Sur ce, et en lisant entre les lignes, il semble qu’un consensus se soit développé chez les adversaires commerciaux de l’UE à l’échelle internationale. A savoir, le projet de la monnaie commune et les autres structures qui cimentent les pays de l’UE paraissent relever d’un travail semi fini, voire bâclé. La réussite du Groupement européen (haut niveau de vie) est donc à chercher ailleurs. Ils ont en effet mis en place des mécanismes sophistiqués, normes, standards, pratiques et autres moyens dignes de petites gens orientés essentiellement vers les pays du sud pour perpétuer leurs privilèges sur ces marchés. Leurs compétiteurs, chinois et américains notamment, ne sont pas dupes et, pour des considérations que ces derniers doivent savoir, la tâche est revenue au Président Trump de montrer à l’UE la place qui lui revient dorénavant. Les Etats Unis et la Chine semblent en effet en mesure de se passer du commerce avec l’UE. Et s’ils développent leurs affaires avec l’Afrique, notre Continent pourra également se passer de l’UE, de l’Euro et du Franc CFA. Les européens peuvent bien évidemment continuer à faire prospérer le commerce sur la rive nord de la Méditerranée, tout en essayant de trouver de nouveaux artifices pour continuer à vivre au-dessus de leurs propres moyens.

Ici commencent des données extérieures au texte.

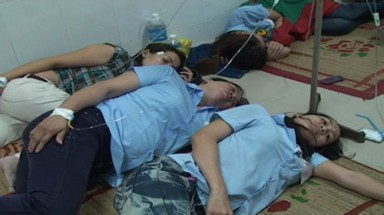   Đồng Nai: 60 công nhân nhập viện vì ngộ độc thực phẩm,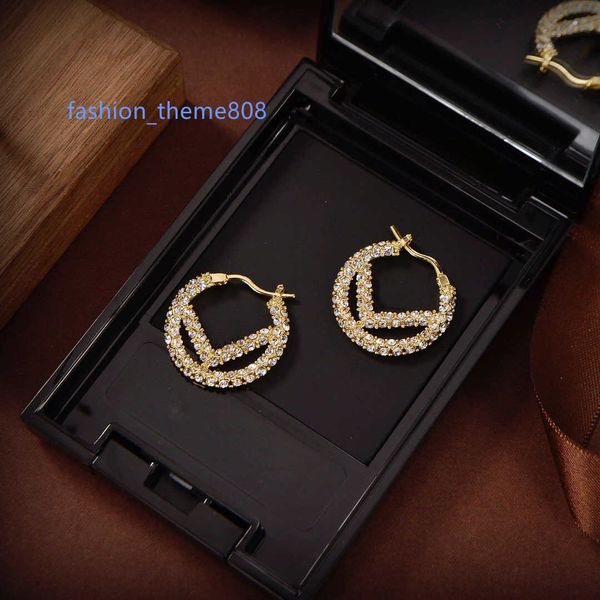 luxury designer earring classic earrings simple and versatile gold full diamond women delicate circle earrings trendy fashion, Golden;silver
luxury designer earring classic earrings simple and versatile gold full diamond women delicate circle earrings trendy fashion, Golden;silver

Mais revenons à notre Continent et le but de cet article. Nous devons en effet réaliser que les Organismes installés au lendemain de la 2ème guerre mondiale, pour codifier les rapports diplomatiques et de commerce entre les pays, sont au crépuscule de leur vie et doivent être changés. L’Afrique, en mettant en place les instances pour son libre échange continentale, sera bientôt prête pour contribuer à la mise en œuvre des nouvelles structures de remplacement qui devront prendre en considération les propres besoins de notre Continent et de sa population. Les mesures devront, par exemple, être débarrassées de normes et autres clauses factices comme des « principes de précautions » mis en place provisoirement pour s’installer à demeure. Aussi, s’agissant d’investissements, les gens qui voudront coopérer avec l’Afrique devraient s’engager à valoriser nos matières premières chez nous et procéder à des transferts de technologies. Les normes africaines, qui restent à faire, devront également être prises en considération dans les transactions commerciales avec les autres régions du monde.